All my petty complaints throughout undergraduate school wondering why I had ever had to take math were shattered by the decision to pursue a master’s degree, because knowing at least some basic math beyond addition, subtraction, multiplication and division became essential to furthering my academic career. Low scores on the GRE would mean no graduate school.

After the GRE, I never thought I would ever need math again, beyond the basics, and for the most part in my career as an editor at the Temple Daily Telegram and as adjunct instructor at McLennan Community College, my math skills were rarely challenged, except perhaps in creative checkbook balancing.

But here I am at TSTC Publishing, an editor, and I find myself editing a math book. While my editing duties haven’t included actually having to solve equations, I still have to be aware of the basics of math, because of the quirks of editing and formatting — tables set up in MS Word caused, for instance, decimals to shift, and decimals have to line up, or examples will be wrong; points on graphs have to line up just right, for instance, or they’re wrong.

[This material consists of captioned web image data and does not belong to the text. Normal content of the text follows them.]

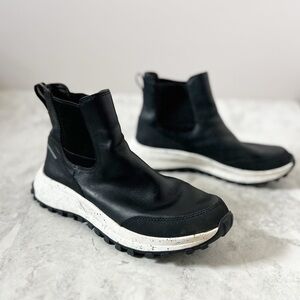 Clarks ATL Trek Up Boots 10 Waterproof Black Hiking Outfoor Active Sneakers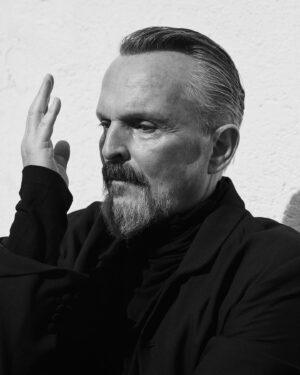 Miguel Bosé Instagram - TODO LO QUE SIENTO, TODO LO QUE DIGO PASA POR EL FILTRO DE TU MANO. 
TODO LO QUE VEO, TODO AL REDEDOR LLEVA TU NOMBRE ESCONDIDO.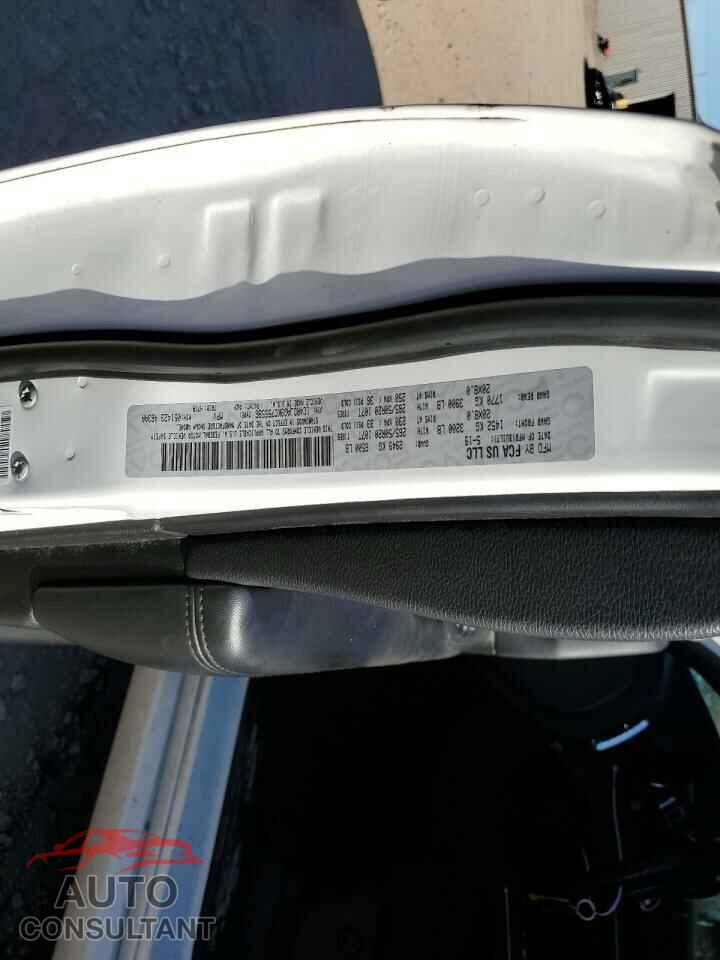 DODGE DURANGO 2019 - 1C4RDJAG9KC755596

I’ve also had to learn to read equations and mathematical symbols such as > or < as parts of complete sentences to edit them correctly.

And though it’s unlikely I’ll ever have to solve any of the equations in the books I edit, using those skills I complained about having to learn as an undergraduate proves a point as to why math or English or any other subject is required: You never really know when, how, or where you might need some inkling of that subject, whether you’re in publishing, an instructor, or part of any other business.

As an editor, I’ve brought almost everything I’ve experienced and learned with me to book publishing — the essentials: grammar, punctuation, spelling — math, history, tech skills, literary trivia, the language of business, science, pop culture trivia, rhetoric, and virtually everything else under the sun, most of which I can never discount as unnecessary to my profession.